Jason Voorhees
๐ธ๐๐๐๐๐๐๐๐ ๐ฎ๐๐๐ โข ๐๐๐๐๐ฅ
- Joined
- May 15, 2020
- Posts
- 85,587
- Reputation
- 254,840
Title. Just got released last week and it's extremely good in coding tests. So even I wanted to see how fucked us ITcels are. I was actually testing this last weekend with an assignment that they give to my friend's company's interns for one of their SDE-1 roles. This is the assignment it is for a YC backed startup. Very good pay and here are all the test cases. If you want to solve this. Dm me I'll send you the assignment.
The main problem in this assignment is the non-standardized columns that they have and the fact that they want you derive and calculate the taxes individually and flag the mismatched while also adding support for excel,pdfs and images
I solved it last month using GCP Document AI for OCR like reading the files for PDFs, Images using the built in invoice parser with metadata and use excel as is with pandas to extract it's content.
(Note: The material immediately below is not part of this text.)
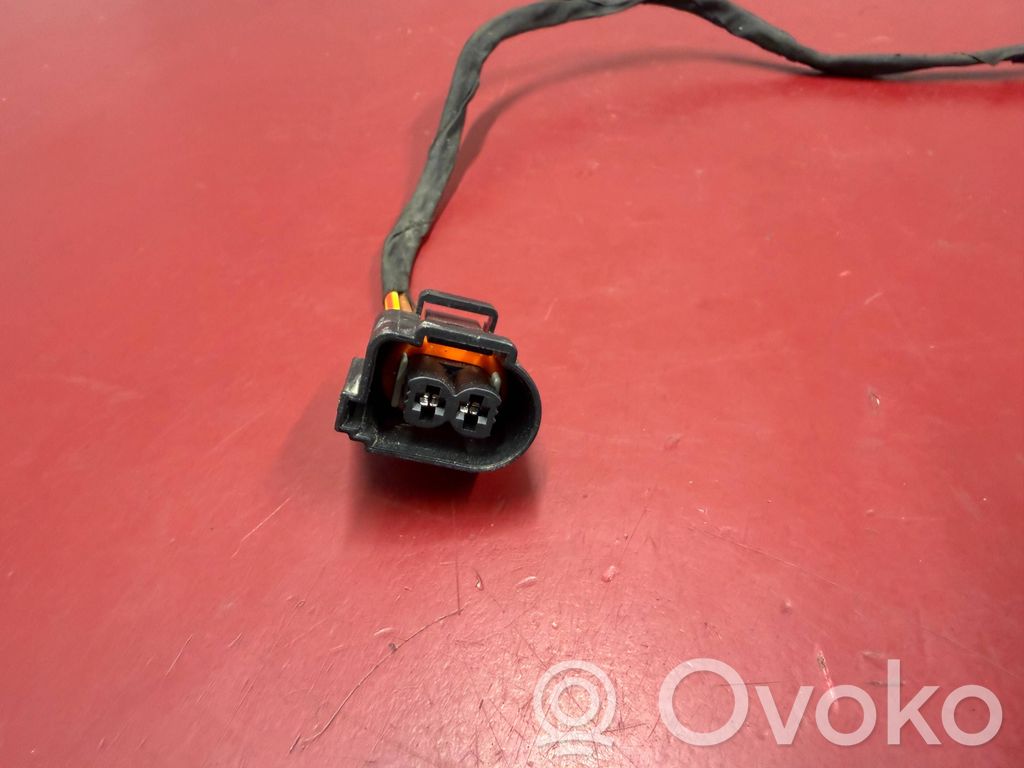 BMW X3 G45 Other wiring loom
Then I used gemini to normalize the columns and fed it to redux columns to make real time updates possible and had the site deployed and it ran all the test cases perfectly and also preemptively flagged the ones that it was not sure about.
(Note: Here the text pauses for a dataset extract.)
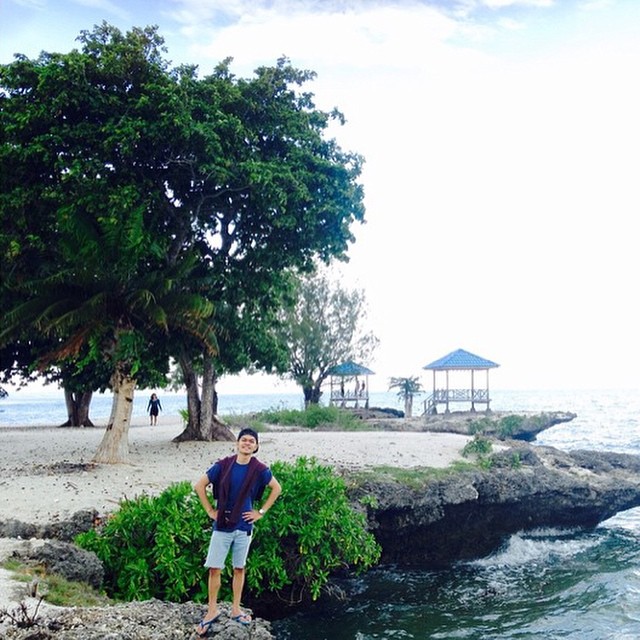 Photo today by  taken at pantai Katembe. #explorebaubau #travelingindonesia...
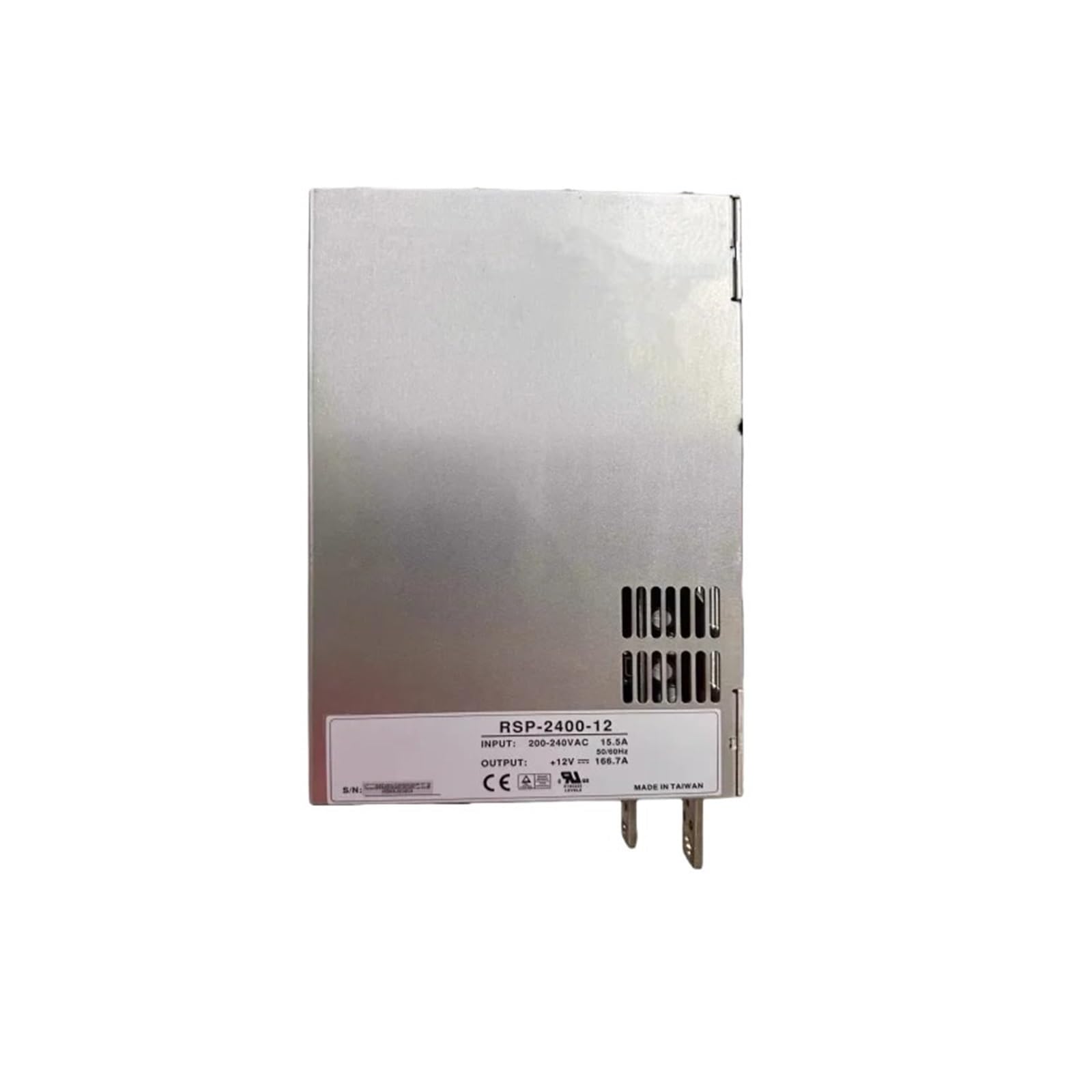 BFSYDLUJ 2400W single output power supply RSP-2400-12 RSP-2400-244 RSP-2400-48(RSP-2400-48)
I had a few minor hiccups here and there where I forgot that mantine ui stuff. Also like always i generated the entire frontend design and styling using ChatGPT, only did the the redux toolkit and glueing the code together part. I did do all the logic, overall it was no big deal didn't feel the assignment was particularly too difficult. Just a bit lengthy and boring. Took me some 4-5 hours. 300 lines of clean code that anyone can understand and read from to debug with proper file structure. For a beginner who doesn't know about these things it might have taken them maybe 8-10 hours.
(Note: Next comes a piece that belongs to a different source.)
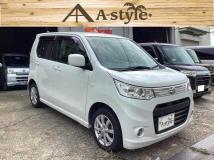 2012 Suzuki Wagon R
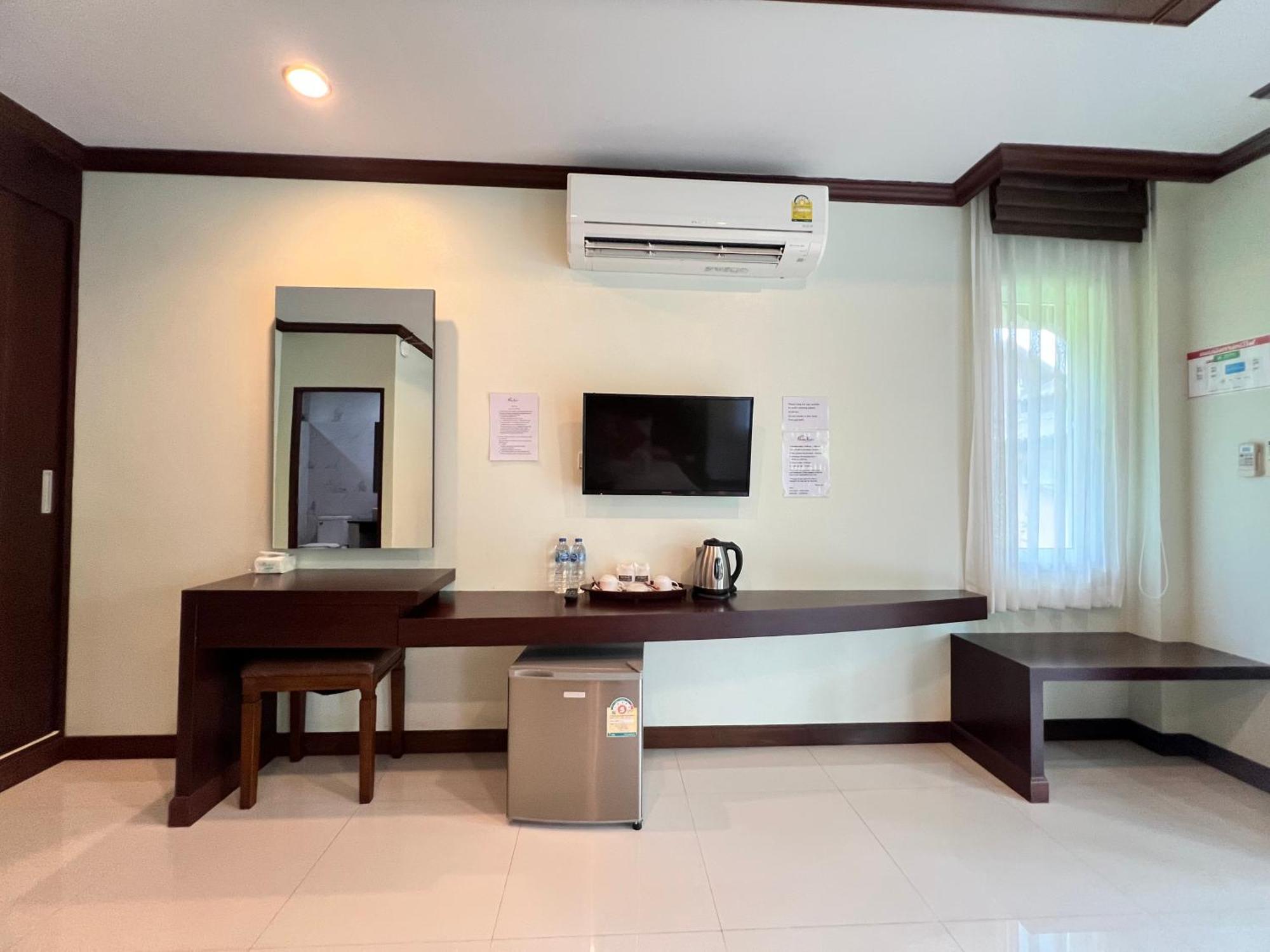 Palm Kiri Aonang Resort Ao Nang Εξωτερικό φωτογραφία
But now lets come to this Claude Opus with all the praises I heard about it, even I wanted to know how fucked all us ITcels and how I should go back to my kerala town and start fishing to make living again so there I uploaded all the test cases, the assignment and gave it prompt to make it as simple as possible, out came the code within seconds but the kind bugs that it had made my head spin so hard. Debugging it was a bigger problem than me myself doing it. It generated this.
If you dont know what it is it is basically hallucinated an entire npm package that does not even exist. Holy shit. This is where it got it from
github.com
.When I looked up where it got this idea from that GitHub link it pointed to the runllama/llama_cloud_services GitHub repo. Claude basically hallucinated all those parts which completely breaks the app and even there, right there with a
they slapped a massive DEPRECATION NOTICE on that exact repository. That claude just simply ignored it because it was fed outdated data.
When I prompted it again it immediately started apologizing
and after prompting once more it hallucinated once again to give some garbage code that changed the schema and randomly generated some unknown stuff that never existed entirely causing frontend and backend crash.
All these are career ending million dollar mistakes by the way like if someone caught you making these mistakes they will kick you out of the company right that second.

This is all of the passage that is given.